Het lijkt alsof ik de herinnering van het kindertransport uit mijn geheugen verbannen heb.  We wisten namelijk dat de weggevoerde kinderen vergast gingen worden, omdat een SS-er was geweest die letterlijk vertelde wat je te wachten stond in Auschwitz-Birkenau. Hij vertelde ook dat vergassen lang duurde, het duurde soms wel 20 minuten voordat je stierf. Je kon het zelfs overleven, maar dan werd je alsnog doodgeknuppeld. Later bleek dat de enige reden dat ik niet met dat transport mee hoefde was dat ik in dezelfde maand als het transport 16 werd, dan hoefde je niet mee. Op 9 juni 2012 is hiervan op Kamp Vught nog een herdenking, waarvoor ik iedereen uitnodig die bij te wonen.

Later bent u alsnog via Westerbork naar Auschwitz getransporteerd. Hoe is dit alsnog gekomen?

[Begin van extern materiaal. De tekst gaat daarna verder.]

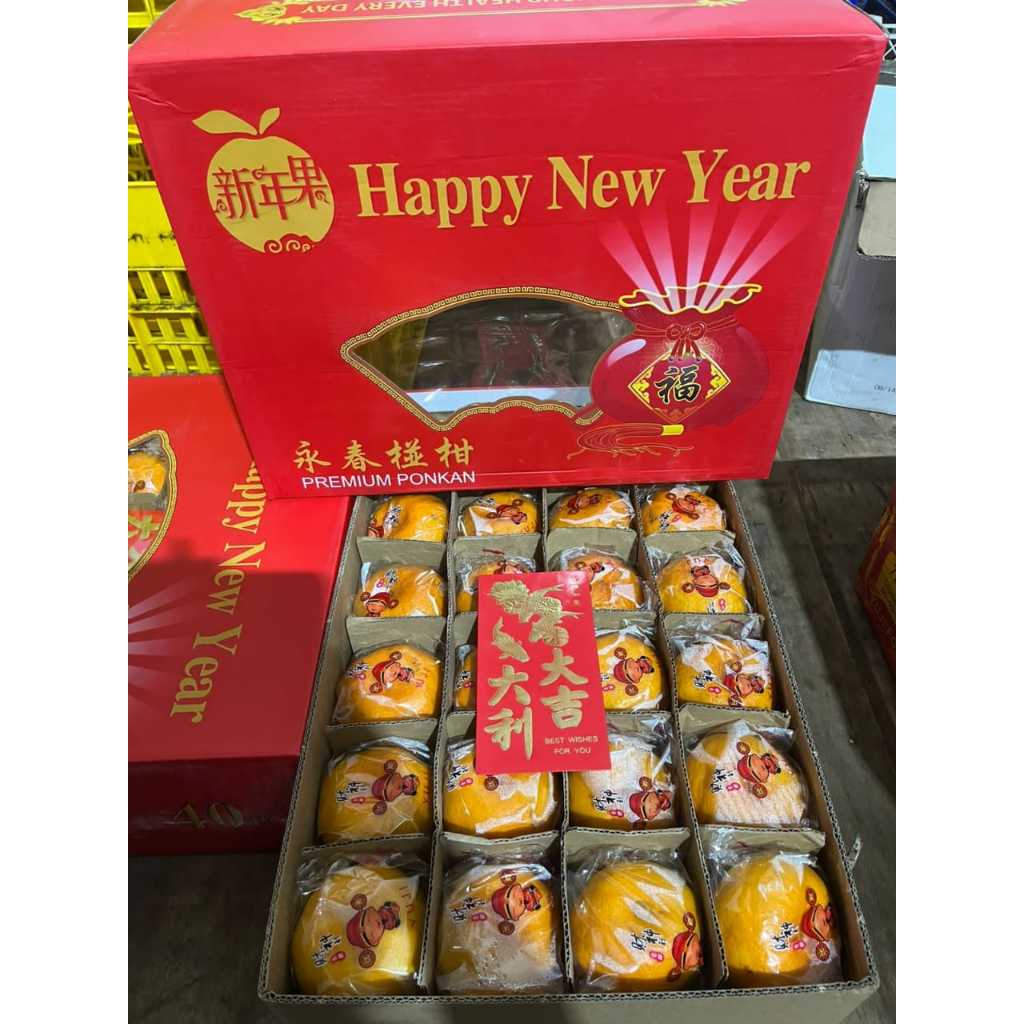 

Jeruk Ponkam Sekat Size 40 (BOX)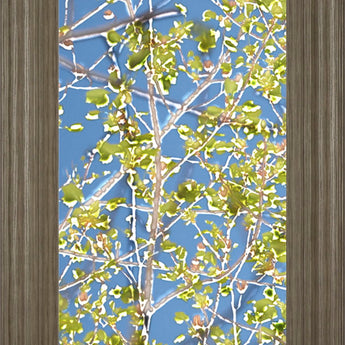 Spring Poplars I By Sharon Chandler - Framed Print Wall Art - Light Blue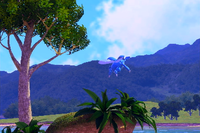 Beispielfoto für 1 Stern(e) Beispielfoto für 1 Stern(e)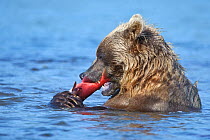 Kamchatka Brown bear (Ursus arctos beringianus) feeding on salmon in river, Kamchatka, Far east Russia, August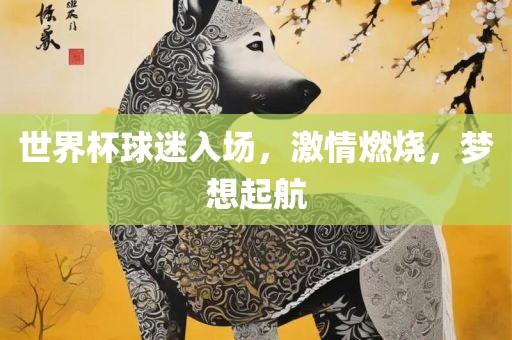 世界杯球迷入场，激情燃烧，梦想起航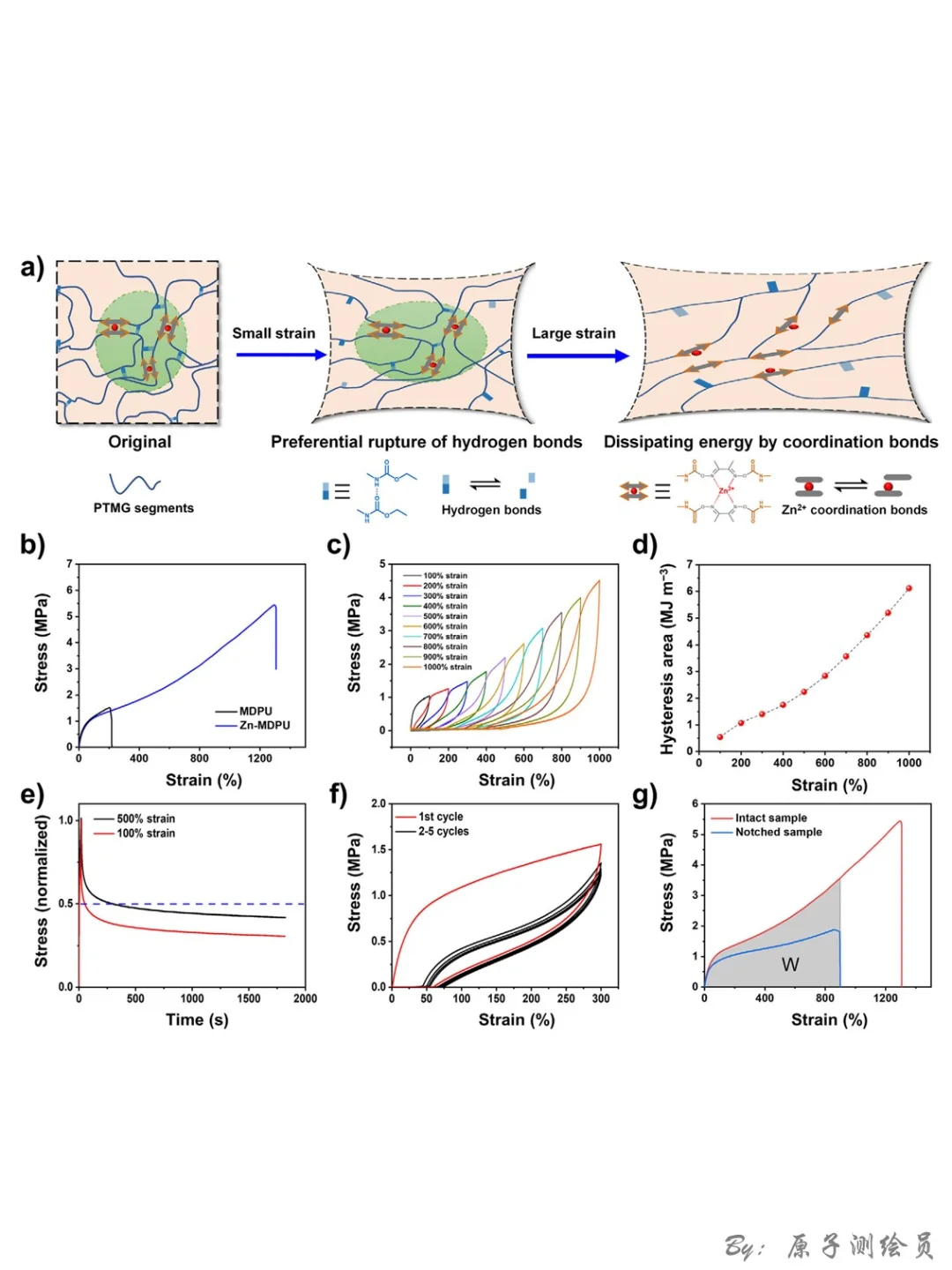 AM：“一石五鸟”的Zn-MDPU弹性体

In september 1943 moesten mijn zuster Wanda en ik naar Polen, ondanks het feit dat mijn moeder één van de drie kampleidsters in het Joodse vrouwenkamp was en dus enige invloed had. Bij het afscheid vertelde onze moeder dat het de wraak van een SS-er was, omdat mijn moeder zijn avances geweigerd had. Mijn vader was in Vught barakleider in het Joodse mannenkamp maar was toen al overgeplaatst naar een sub-kamp bij Venlo en heeft hier dan ook niets tegen kunnen doen.